The pivots haven’t done him any favors among California voters, though. A late-October poll from the University of California at Berkeley’s Institute of Governmental Studies found that half of California voters disapprove of his work as governor, an all-time low.
Mr. Newsom is also scheduled to debate Republican presidential candidate Ron DeSantis on Fox News at the end of the month — the epitome of a “non-campaign” campaign event.
“There are two additional Democrats running for president right now,” Senator Fetterman said, taking a swipe at Mr. Newsom in Iowa over the weekend. “One is a congressman from Minnesota. The other is the governor of California. They’re both running for president, but only one has the guts to announce it.”
Adding to speculation that Governors Newsom and Pritzker are eyeing a run for the White House is a report Monday from Axios that both men donated the maximum $1000 contribution to the Charleston mayoral campaign of Clay Middleton, a former aide to Congressman Jim Clyburn.
Why are two governors from across the country donating money to a South Carolina mayoral race? The Democratic National Committee moved the party’s first primary to South Carolina, and Mr. Clyburn almost single-handedly resuscitated Mr. Biden’s failing 2020 campaign.
“That’s a big sign. South Carolina is first now. It’s an indication of whether you can get African American votes, which are critical to any Democratic victory,” Mr. Sheinkopf says. “That’s a clear signal that they’re saying, ‘We want the job if he aint there, and we’re prepared to do whatever we have to.’”

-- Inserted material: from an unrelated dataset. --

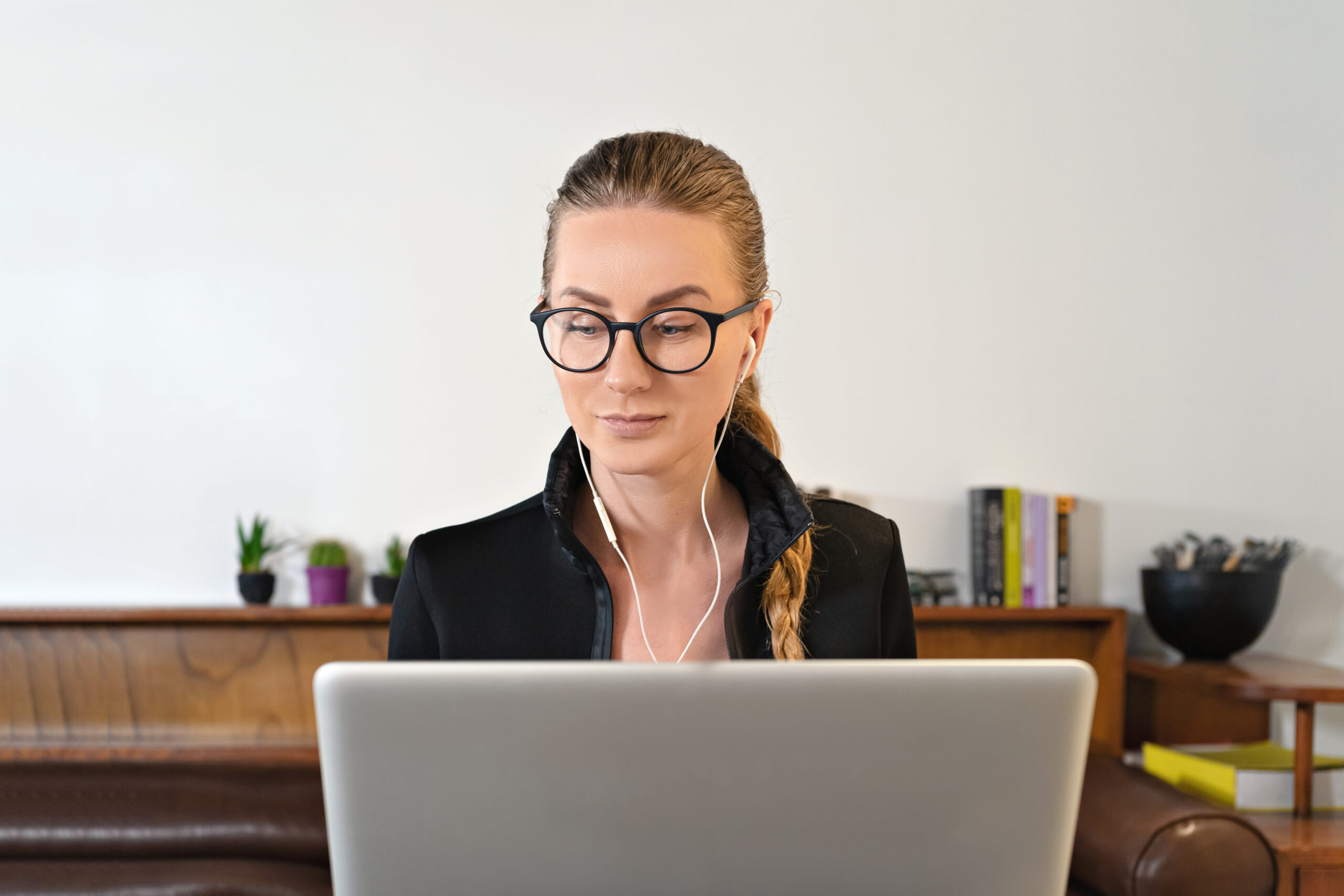 business woman online student teacher coach psycho 2024 11 29 22 29 06 utc scaled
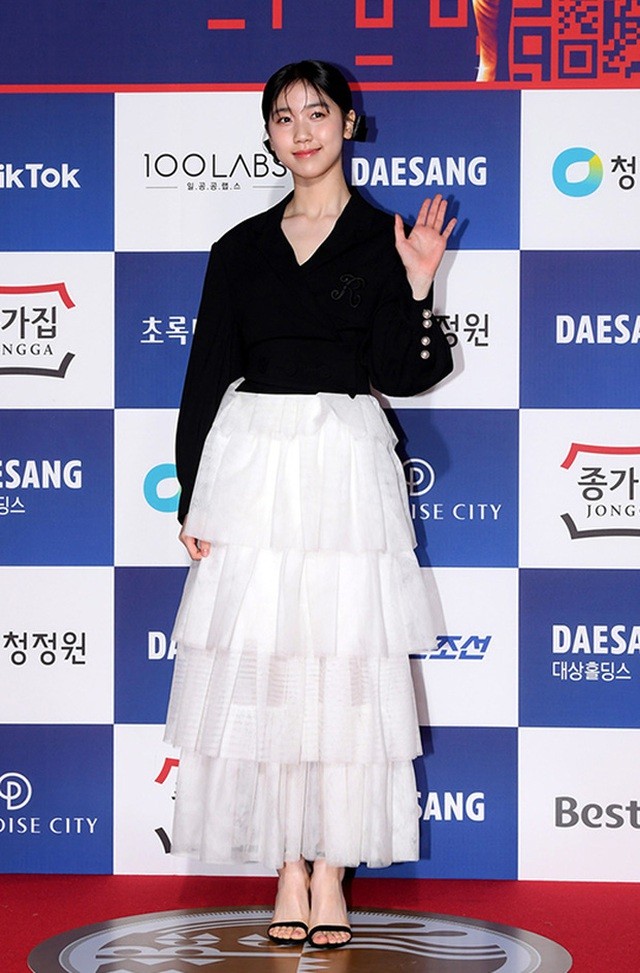 Song Joong Ki bảnh bao bên dàn mỹ nhân tại lễ trao giải Rồng Xanh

Mr. Pritzker is a darling to progressives and a billionaire in a solidly blue state. “Pritzker has what Newsom has to get, which is Pritzker has money. He can write checks,” Mr. Sheinkopf says. “He also comes from the Midwest, which makes him much more desirable in many ways.”
Mr. Pritzker’s office did not return the Sun’s request for comment.
Michigan’s governor, Gretchen Whitmer, is the other potential candidate floated as a serious contender were Mr. Biden to step aside. Ms. Whitmer became an abortion rights leader following the Dobbs decision by spearheading a referendum to enshrine abortion rights in her state. In 2022, she led her party to win a trifecta — control of both chambers of the house and governorship — for the first time in 40 years.
Michigan is also a key battleground state. In the Times/Siena poll, Mr. Trump beats Mr. Biden 48 to 43 percent in the state. If a generic Democrat other than Mr. Biden were competing against Mr. Trump, the Democrat would win in Michigan 48 to 41 percent. In all the battleground states, a non-Biden Democrat would win against Mr. Trump by eight points.
After the poll was released Sunday, David Axelrod posted to X, “It’s very late to change horses … The greatest concern is that [Biden’s] biggest liability is the one thing he can’t change. Among all the unpredictables there is one thing that is for sure: the age arrow only points in one direction.”
“If he continues to run, he will be the nominee of the Democratic Party. What he needs to decide is whether that is wise; whether it’s in HIS best interest or the country’s?” Mr. Axelrod posted.
Washington Post columnist David Ignatius and “Never Trump” Republican-turned-Biden-supporter, Bill Kristol, have also joined the calls for Mr. Biden to step aside.
“It’s time. President Biden has served our country well. I’m confident he’ll do so for the next year. But it’s time for an act of personal sacrifice and public spirit,” Mr. Kristol posted to X. “It’s time to pass the torch to the next generation. It’s time for Biden to announce he won’t run in 2024.”